3. Harekât planı: Küçük cepler oluşturma
Erdoğan’ın çekmecesindeki üçüncü harekât planı, bir bakıma ilk iki planın sentezidir.
Hem ABD’yle ipleri koparmayan hem de mevcut mutabakatı aşarak ve zamana yayarak küçük operasyonlarla uygun yerlerde cepler oluşturmak şeklinde hedefi olan bir harekât planı bu...
AKP böylece hem ABD’yle tamamen karşı karşıya gelmemeyi sağlamış olacak, hem de küçük toprak kazanımları elde edip bunu iç politikada değerlendirmiş olacak.
30 Eylül’de yapılan MGK’nin “güvenli bölge projesi için samimi gayretleri daha ileri adımlarla güçlendirme” kararı, bu üçüncü seçeneğin öne çıktığına işaret ediyor.
Türkiye’nin harekât planı: Suriye’yle anlaşmak
Fakat Erdoğan’ın çekmecesindeki her üç harekât planı da, ulusal çıkarlar açısından Türkiye’nin harekât planı değildir.

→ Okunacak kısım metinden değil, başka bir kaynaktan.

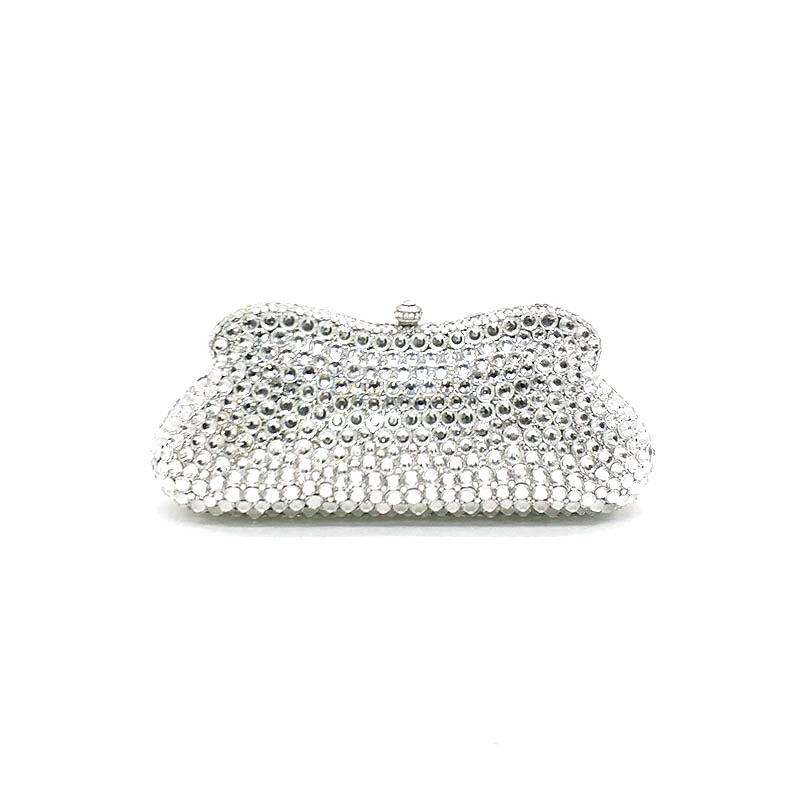Classical Crystal Clutch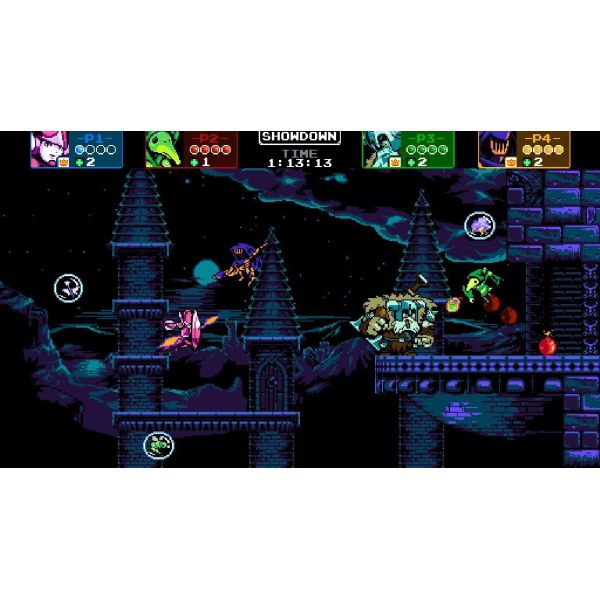 Игра Shovel Knight: Treasure Trove Nintendo Switch фото №2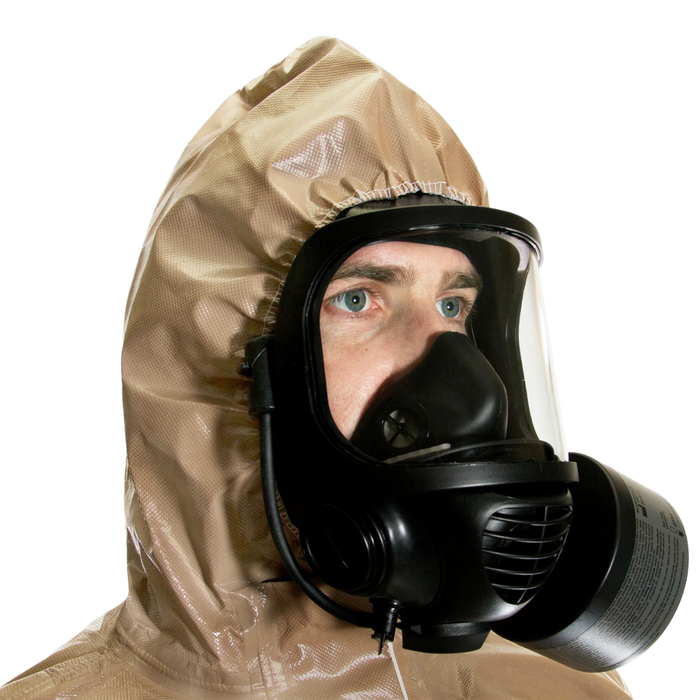 MIRA Safety HAZ-SUIT Protective CBRN HAZMAT Suit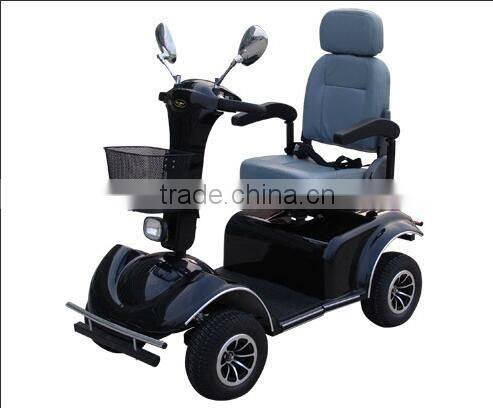 4 Wheel Electric Diabled Scooter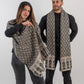 Bahja Beige Scarf - Unisex
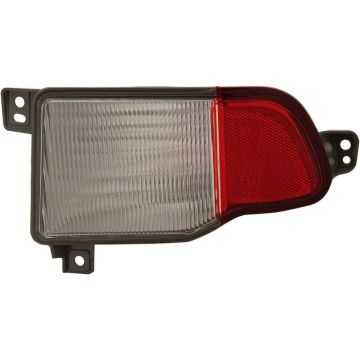Back Up Light Assembly Right CAPA for Honda Passport 2019-2025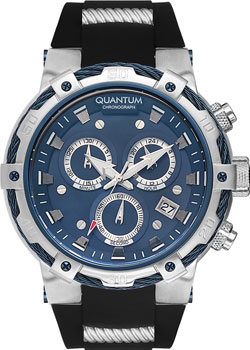 

мужские часы Quantum HNG688.391. Коллекция Hunter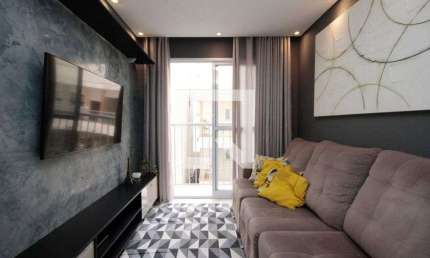 Apartamento à Venda - Campos Elíseos, 2 Quartos,  52 m2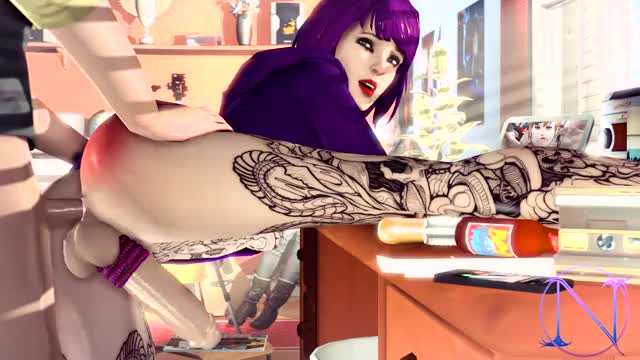 Max Caulfield x Warren Graham - Go Ape ! (720p)(punk futa)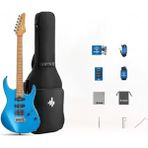 Donner DST-700 Elektro Gitar Mavi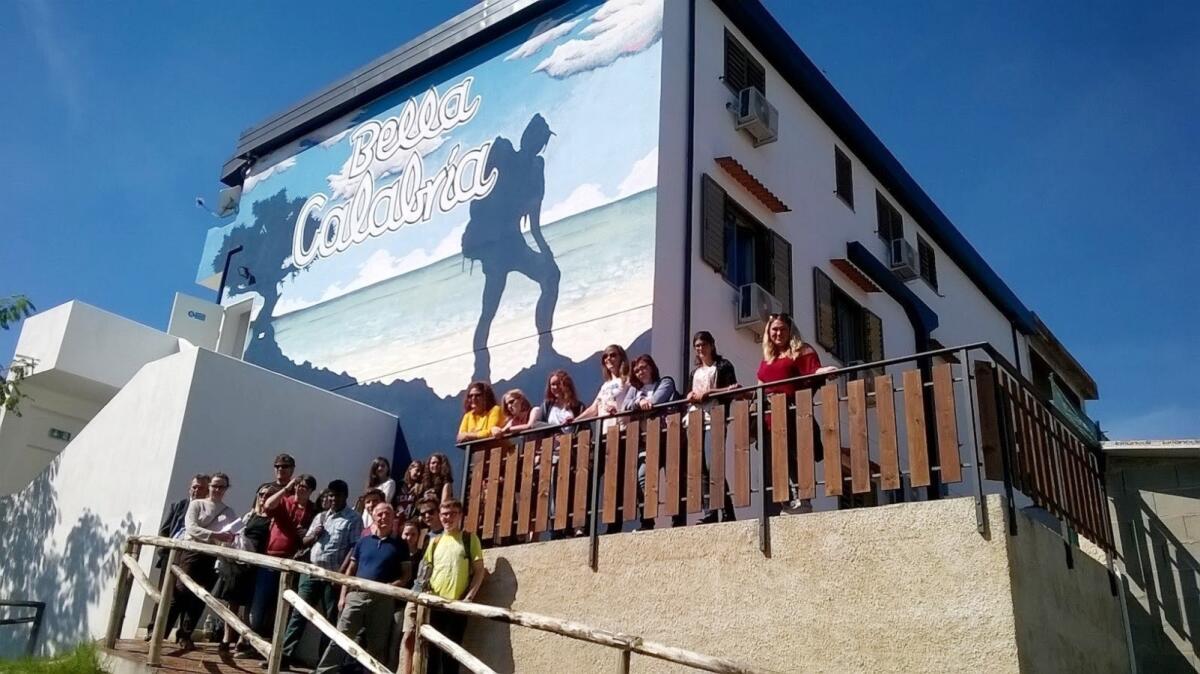 Crotone, "Amici del tedesco" promuove il Servizio Civile - 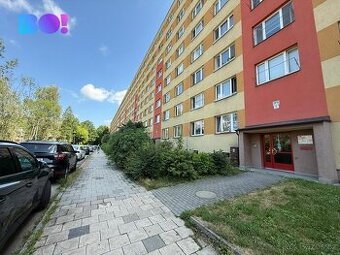 Pronájem prostorného bytu 3+1, ul. Divišova, Karviná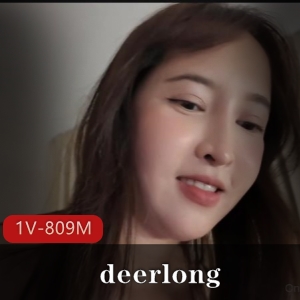 女网Hdeerlong甜美王者合集1V809M，男友陪玩，精彩模仿！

Her üç harekât planı da Şam yönetimine rağmen planlar olduğu için siyaseten yanlış, askeri olarak zaaflı ve ekonomik bakımdan maliyetlidir.

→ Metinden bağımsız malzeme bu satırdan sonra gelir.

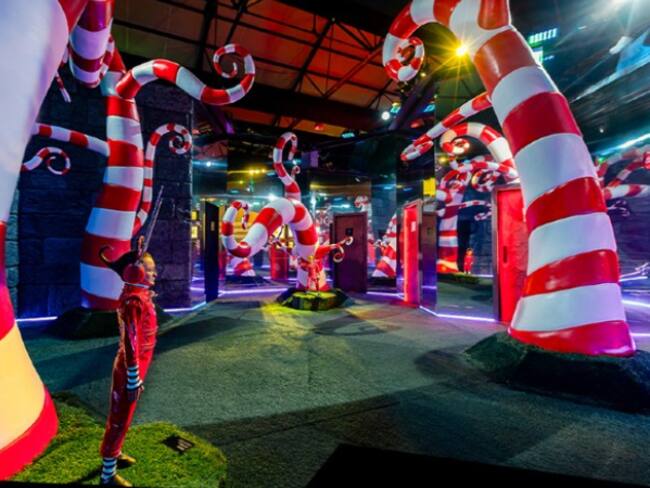 El Laberinto de Tim Burton llega a CDMX; así será la venta anticipada de boletos 2025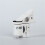 Mobile Phone Clip On Microscope Lens with LEDs Easy Carry 7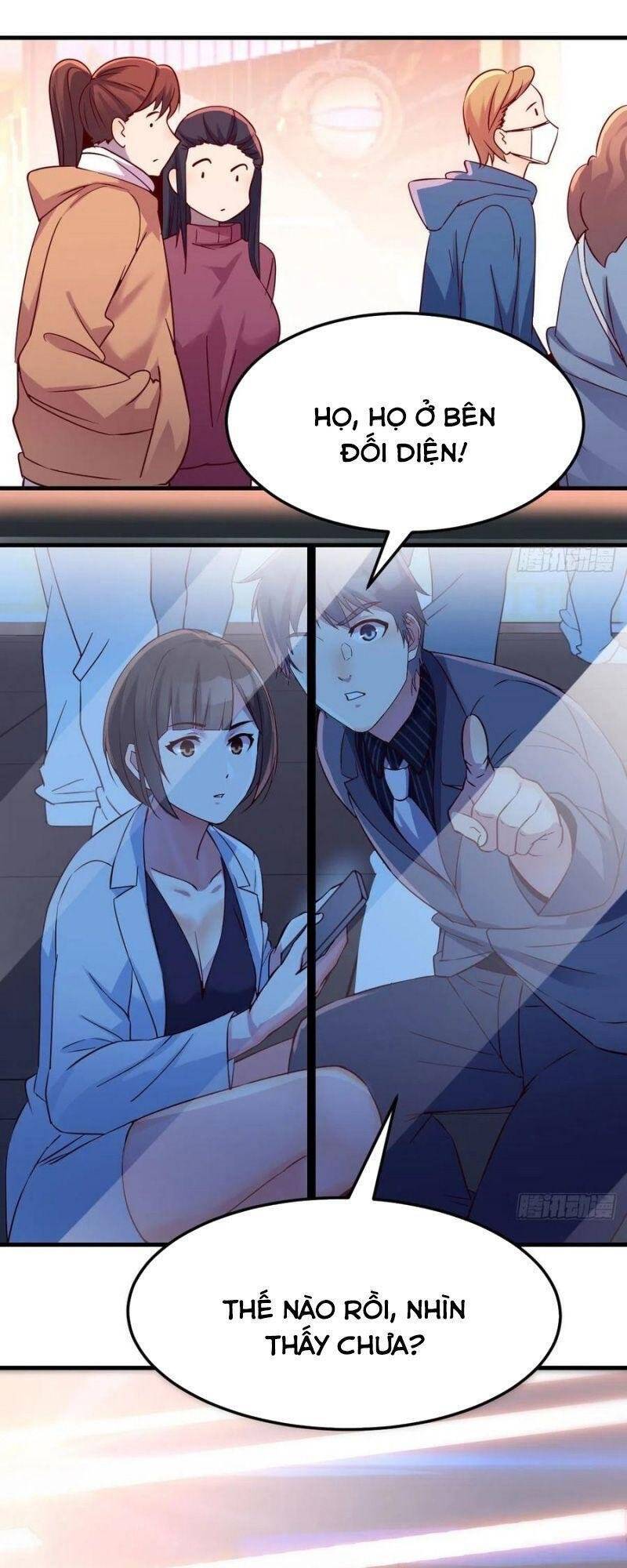 Trong Nhà Có 2 Bạn Gái Song Sinh Chap 74 - Next Chap 75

Oysa siyaseten doğru, askeri ve ekonomik bakımdan en az maliyetli bir çözüm var: Ankara-Şam işbirliğiyle Suriye’nin kuzeyinde Şam yönetiminin egemenliğini tesis etmek!
Türkiye’de “Ankara Şam’la görüşmeli” fikri gittikçe güç kazanıyor ve hükümeti zorluyor. Böyle olduğu için de AKP medyasında “CHP’nin ‘Esad’la görüşün’ önerisi en çok YPG’yi memnun eder” propagandası yapılıyor.

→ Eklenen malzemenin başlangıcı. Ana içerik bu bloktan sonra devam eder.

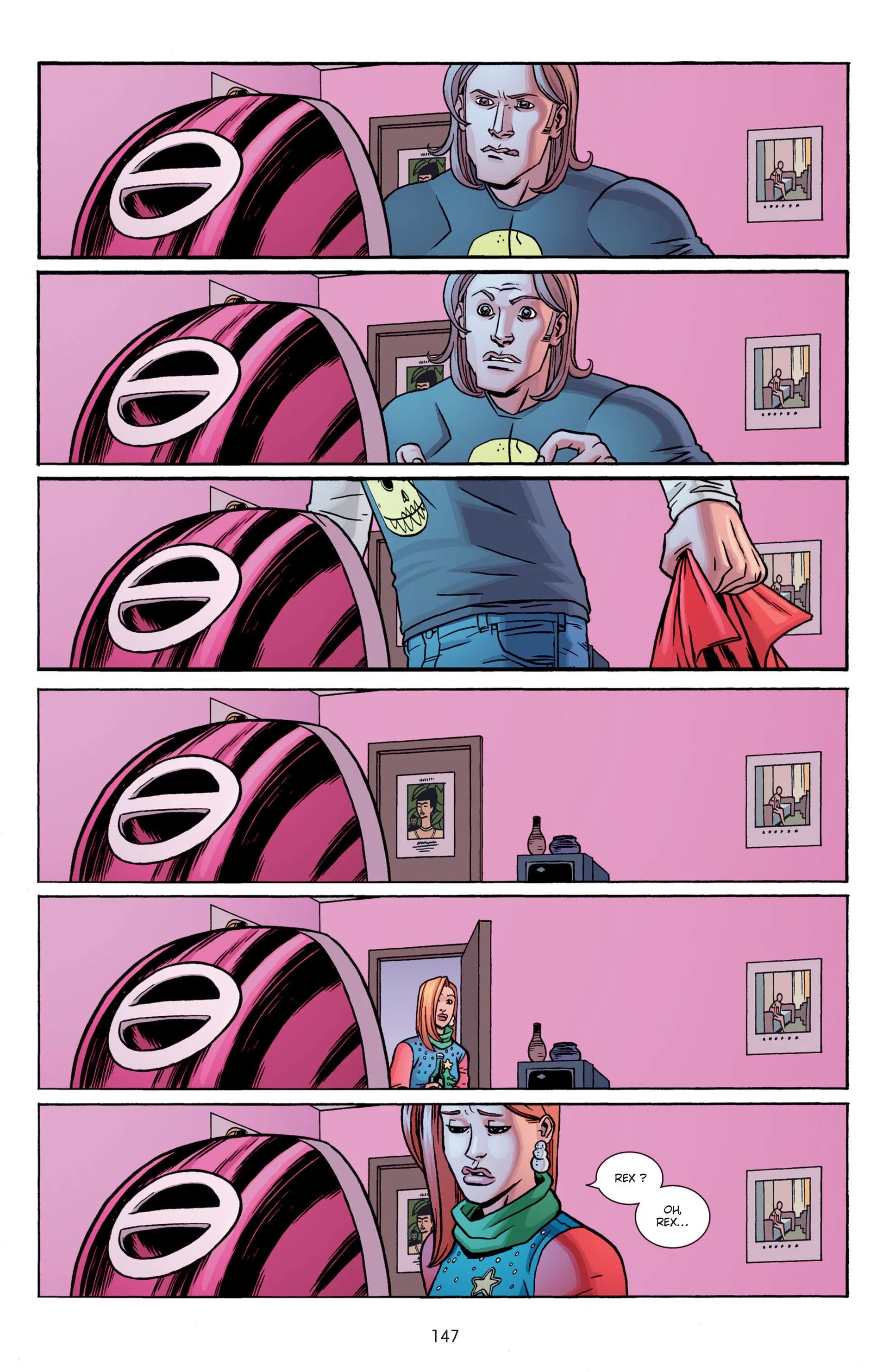 Read Invincible L’intégrale Manga Online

Oysa gerçek tersidir. Ankara’nın Esad karşıtlığı en çok ABD ve YPG’yi memnun etmektedir. Zira YPG, fiilen ABD ve AKP iktidarının Esad karşıtlığı temelinde yürüttüğü stratejinin içinde kendine yer buldu ve devletçik olma yoluna girdi. Anımsayın: AKP hükümeti, Ankara’ya davet ettikleri PYD/YPG liderine, “Özerkliğinize karışmayız, yeter ki Esad’a karşı ÖSO’yla harekât edin” diyordu!
Gerçek şudur: Suriye ordusu kuzeye girdiğinde ne ABD üssü kalır ne de YPG devletçiği!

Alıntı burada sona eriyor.